The Office of Inspector General of the Labor Department, by way of an audit, sought to answer the question: Has OSHA effectively evaluated the impact of penalty reduction incentives on workplace safety and health?

The audit covered 49,192 federal OSHA inspections of non-federal employers initiated between July 2007 and June 2009. The inspections resulted in 142,187 citations and $523.5 million in penalties that were reduced by $351.2 million (67 percent).

The audit found OSHA has not effectively evaluated the impact of the reductions, which are meant as an incentive for employers to improve workplace safety and health. Small employers received the largest reductions (78 percent) but generally had the worst safety and health history — more inspections, more fatalities, and more high-gravity serious (likely to cause death) and repeat violations. OSHA did not always consider an employer's overall safety and health performance when reducing penalties, in part because its information system cannot effectively track violations company-wide. The audit found 4,791 employers with a history of serious violations had received penalty reductions of $86.6 million. Half of these employers received reductions of $42.6 million on subsequent inspections where a similar standard was violated, indicating the employer's hazard corrections may not have been comprehensive and company-wide.

As much as $127 million (36 percent) in penalty reductions may not have been appropriately granted. Specifically, reductions granted in consideration of the employers' size resulted in what amounts to an entitlement as 98 percent of all citations were reduced at the maximum rate. OSHA can limit size reductions for small employers with the more serious violations, but its use of that policy was minimal and up to $91.8 million of reductions may have been granted inappropriately. Another $2.3 million of reductions exceeded limits set forth in the directives. The auditors said OSHA area directors did not document the justification for reductions resulting from informal settlement agreements, for an estimated 49 percent of reductions or $31.8 million.

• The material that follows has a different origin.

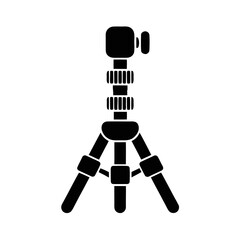Fototapeta premium Camera tripod vector icon, black silhouette of professional photography stand, adjustable video equipment symbol for studio production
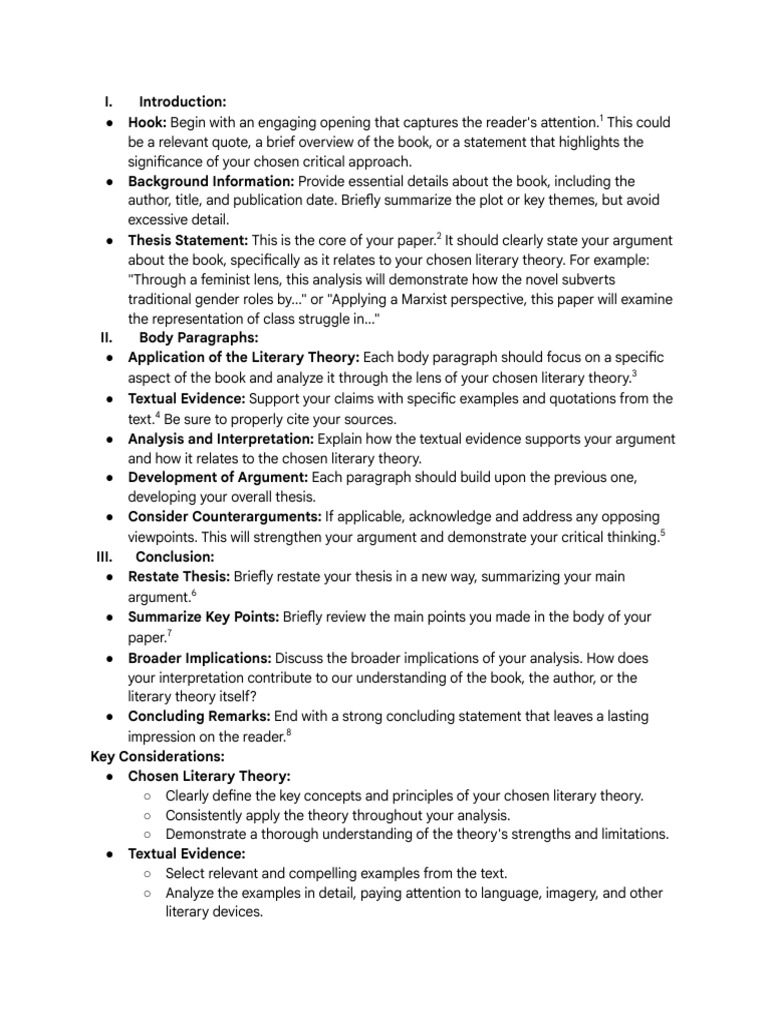 The Parts of A Book Piterary Critic Paper Using A... | PDF | Theory ...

Finally, the report says OSHA incorrectly granted history reductions of $1.1 million to employers with prior violations. The auditors made 11 recommendations to Dr. David Michaels, assistant secretary for Occupational Safety and Health, to commit the necessary resources to effectively evaluate the impact of penalty reductions, improve information systems, and revise and implement policies and procedures. OSHA provided comments expressing concerns about some audit findings and recommendations. Based on OSHA's response, OIG clarified two recommendations, but the overall conclusions were unchanged.